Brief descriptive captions
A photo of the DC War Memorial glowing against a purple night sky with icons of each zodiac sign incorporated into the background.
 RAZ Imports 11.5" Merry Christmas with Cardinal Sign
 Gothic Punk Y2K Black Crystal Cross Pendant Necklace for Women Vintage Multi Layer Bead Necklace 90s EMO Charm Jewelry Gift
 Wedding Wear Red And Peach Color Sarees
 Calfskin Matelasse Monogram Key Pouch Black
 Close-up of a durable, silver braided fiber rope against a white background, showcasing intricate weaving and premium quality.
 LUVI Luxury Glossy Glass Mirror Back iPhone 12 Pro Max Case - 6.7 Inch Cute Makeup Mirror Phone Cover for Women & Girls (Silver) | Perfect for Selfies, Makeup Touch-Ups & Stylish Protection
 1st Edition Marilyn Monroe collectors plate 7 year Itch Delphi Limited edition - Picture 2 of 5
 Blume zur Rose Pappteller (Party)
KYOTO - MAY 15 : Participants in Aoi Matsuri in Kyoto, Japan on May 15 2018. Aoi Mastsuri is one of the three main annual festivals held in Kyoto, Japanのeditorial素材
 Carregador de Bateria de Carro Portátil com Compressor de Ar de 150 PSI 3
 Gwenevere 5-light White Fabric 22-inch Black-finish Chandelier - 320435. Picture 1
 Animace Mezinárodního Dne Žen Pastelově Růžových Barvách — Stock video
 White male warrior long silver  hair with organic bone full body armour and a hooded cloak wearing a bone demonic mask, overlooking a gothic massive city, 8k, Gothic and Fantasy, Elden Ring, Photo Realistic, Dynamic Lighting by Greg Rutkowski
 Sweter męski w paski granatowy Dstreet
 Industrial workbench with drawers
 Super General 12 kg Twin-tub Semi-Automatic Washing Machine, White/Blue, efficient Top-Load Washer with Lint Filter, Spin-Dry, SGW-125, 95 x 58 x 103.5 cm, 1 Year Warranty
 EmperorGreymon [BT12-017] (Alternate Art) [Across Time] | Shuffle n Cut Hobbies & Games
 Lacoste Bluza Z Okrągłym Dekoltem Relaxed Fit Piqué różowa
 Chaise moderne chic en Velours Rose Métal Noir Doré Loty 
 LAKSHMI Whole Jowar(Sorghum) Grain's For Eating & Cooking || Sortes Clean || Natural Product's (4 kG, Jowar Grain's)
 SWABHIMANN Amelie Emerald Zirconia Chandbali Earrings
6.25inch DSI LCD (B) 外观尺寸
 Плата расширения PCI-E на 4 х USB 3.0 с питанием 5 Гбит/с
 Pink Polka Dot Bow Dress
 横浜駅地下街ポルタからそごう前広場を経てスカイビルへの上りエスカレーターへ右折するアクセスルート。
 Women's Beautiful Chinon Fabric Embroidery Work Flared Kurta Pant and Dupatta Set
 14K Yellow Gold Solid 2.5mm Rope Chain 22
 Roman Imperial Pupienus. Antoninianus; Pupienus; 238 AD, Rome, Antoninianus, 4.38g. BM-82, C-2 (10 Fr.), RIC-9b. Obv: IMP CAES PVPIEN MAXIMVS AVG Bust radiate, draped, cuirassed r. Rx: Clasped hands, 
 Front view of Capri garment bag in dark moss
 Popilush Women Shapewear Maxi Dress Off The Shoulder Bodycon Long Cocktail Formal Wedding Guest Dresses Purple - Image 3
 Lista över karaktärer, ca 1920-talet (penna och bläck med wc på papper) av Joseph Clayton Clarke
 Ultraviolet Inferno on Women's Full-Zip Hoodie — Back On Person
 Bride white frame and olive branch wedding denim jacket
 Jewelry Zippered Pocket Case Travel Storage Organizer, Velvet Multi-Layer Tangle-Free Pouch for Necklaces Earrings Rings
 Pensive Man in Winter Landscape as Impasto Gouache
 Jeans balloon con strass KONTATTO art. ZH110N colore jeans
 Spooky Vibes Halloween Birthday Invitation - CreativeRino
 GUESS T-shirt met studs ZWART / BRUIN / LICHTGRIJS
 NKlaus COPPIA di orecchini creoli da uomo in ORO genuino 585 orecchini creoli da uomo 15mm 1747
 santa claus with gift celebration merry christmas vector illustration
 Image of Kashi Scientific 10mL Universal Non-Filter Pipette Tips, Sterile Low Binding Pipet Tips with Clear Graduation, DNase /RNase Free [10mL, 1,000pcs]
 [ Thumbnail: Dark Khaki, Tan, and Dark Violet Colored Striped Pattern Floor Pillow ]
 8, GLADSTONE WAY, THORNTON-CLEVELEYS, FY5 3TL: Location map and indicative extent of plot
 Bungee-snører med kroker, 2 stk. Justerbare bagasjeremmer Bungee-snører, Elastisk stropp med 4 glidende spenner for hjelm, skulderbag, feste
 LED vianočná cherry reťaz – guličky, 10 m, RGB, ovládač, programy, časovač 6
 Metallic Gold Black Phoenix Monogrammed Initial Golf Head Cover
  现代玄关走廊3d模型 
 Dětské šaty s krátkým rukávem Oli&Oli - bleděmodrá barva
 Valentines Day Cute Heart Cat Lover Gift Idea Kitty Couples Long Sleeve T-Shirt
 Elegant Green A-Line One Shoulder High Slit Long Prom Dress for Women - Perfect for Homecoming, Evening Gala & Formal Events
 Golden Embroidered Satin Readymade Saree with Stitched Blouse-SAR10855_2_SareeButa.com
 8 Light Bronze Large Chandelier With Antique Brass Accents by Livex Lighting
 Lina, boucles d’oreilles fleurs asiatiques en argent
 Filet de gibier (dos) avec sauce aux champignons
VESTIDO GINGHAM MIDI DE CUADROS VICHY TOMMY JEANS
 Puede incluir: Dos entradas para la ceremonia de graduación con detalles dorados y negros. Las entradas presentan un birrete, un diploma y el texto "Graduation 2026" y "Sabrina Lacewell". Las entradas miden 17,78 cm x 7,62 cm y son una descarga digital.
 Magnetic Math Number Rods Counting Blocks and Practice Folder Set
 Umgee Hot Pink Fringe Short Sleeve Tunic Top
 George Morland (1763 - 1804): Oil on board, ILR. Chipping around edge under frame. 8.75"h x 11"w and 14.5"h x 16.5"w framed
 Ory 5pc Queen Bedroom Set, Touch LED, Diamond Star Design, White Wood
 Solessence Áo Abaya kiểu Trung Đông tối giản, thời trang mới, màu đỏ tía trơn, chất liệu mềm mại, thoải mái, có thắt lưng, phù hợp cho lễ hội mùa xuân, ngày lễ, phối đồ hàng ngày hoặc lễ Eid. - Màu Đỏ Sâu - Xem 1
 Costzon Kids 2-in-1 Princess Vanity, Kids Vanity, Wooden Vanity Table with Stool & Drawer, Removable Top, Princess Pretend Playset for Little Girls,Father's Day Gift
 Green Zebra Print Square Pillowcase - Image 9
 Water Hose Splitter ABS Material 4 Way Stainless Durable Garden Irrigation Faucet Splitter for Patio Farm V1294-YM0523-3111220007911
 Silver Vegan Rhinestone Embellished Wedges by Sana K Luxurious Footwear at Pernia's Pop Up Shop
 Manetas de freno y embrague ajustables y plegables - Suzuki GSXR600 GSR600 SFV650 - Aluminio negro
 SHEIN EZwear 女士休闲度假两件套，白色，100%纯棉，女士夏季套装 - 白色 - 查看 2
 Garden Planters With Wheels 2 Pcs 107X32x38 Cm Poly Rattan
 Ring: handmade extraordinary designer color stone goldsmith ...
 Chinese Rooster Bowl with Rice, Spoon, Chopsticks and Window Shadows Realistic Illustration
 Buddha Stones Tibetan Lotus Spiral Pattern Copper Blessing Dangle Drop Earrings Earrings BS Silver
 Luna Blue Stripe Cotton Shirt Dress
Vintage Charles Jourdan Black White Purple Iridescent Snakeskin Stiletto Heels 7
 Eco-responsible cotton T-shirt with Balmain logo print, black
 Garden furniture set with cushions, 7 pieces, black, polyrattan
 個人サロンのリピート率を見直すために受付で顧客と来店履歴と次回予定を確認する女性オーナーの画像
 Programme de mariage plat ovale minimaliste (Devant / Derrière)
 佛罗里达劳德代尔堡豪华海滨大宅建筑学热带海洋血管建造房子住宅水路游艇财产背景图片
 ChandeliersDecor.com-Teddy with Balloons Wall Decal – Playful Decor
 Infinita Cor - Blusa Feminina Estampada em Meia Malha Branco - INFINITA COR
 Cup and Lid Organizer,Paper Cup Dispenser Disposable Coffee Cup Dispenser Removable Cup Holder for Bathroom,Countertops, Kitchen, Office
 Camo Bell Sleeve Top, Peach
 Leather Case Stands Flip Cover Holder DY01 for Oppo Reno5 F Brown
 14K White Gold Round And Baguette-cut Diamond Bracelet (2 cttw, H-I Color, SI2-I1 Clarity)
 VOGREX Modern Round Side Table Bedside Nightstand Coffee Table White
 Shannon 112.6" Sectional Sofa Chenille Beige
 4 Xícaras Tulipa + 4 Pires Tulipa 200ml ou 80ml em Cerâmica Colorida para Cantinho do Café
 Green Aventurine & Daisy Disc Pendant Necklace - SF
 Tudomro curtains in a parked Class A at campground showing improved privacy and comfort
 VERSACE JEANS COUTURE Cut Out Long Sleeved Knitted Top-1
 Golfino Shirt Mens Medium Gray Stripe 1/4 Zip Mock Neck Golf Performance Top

= WHAT THIS TASK INVOLVES =
Begin at the line above that has "Blume zur Rose Pappteller (Party)" and stop after the line that has "14K Yellow Gold Solid 2.5mm Rope Chain 22", copying each line exactly and adding nothing else.

= ANSWER FOR THIS EXERCISE =
 Blume zur Rose Pappteller (Party)
KYOTO - MAY 15 : Participants in Aoi Matsuri in Kyoto, Japan on May 15 2018. Aoi Mastsuri is one of the three main annual festivals held in Kyoto, Japanのeditorial素材
 Carregador de Bateria de Carro Portátil com Compressor de Ar de 150 PSI 3
 Gwenevere 5-light White Fabric 22-inch Black-finish Chandelier - 320435. Picture 1
 Animace Mezinárodního Dne Žen Pastelově Růžových Barvách — Stock video
 White male warrior long silver  hair with organic bone full body armour and a hooded cloak wearing a bone demonic mask, overlooking a gothic massive city, 8k, Gothic and Fantasy, Elden Ring, Photo Realistic, Dynamic Lighting by Greg Rutkowski
 Sweter męski w paski granatowy Dstreet
 Industrial workbench with drawers
 Super General 12 kg Twin-tub Semi-Automatic Washing Machine, White/Blue, efficient Top-Load Washer with Lint Filter, Spin-Dry, SGW-125, 95 x 58 x 103.5 cm, 1 Year Warranty
 EmperorGreymon [BT12-017] (Alternate Art) [Across Time] | Shuffle n Cut Hobbies & Games
 Lacoste Bluza Z Okrągłym Dekoltem Relaxed Fit Piqué różowa
 Chaise moderne chic en Velours Rose Métal Noir Doré Loty 
 LAKSHMI Whole Jowar(Sorghum) Grain's For Eating & Cooking || Sortes Clean || Natural Product's (4 kG, Jowar Grain's)
 SWABHIMANN Amelie Emerald Zirconia Chandbali Earrings
6.25inch DSI LCD (B) 外观尺寸
 Плата расширения PCI-E на 4 х USB 3.0 с питанием 5 Гбит/с
 Pink Polka Dot Bow Dress
 横浜駅地下街ポルタからそごう前広場を経てスカイビルへの上りエスカレーターへ右折するアクセスルート。
 Women's Beautiful Chinon Fabric Embroidery Work Flared Kurta Pant and Dupatta Set
 14K Yellow Gold Solid 2.5mm Rope Chain 22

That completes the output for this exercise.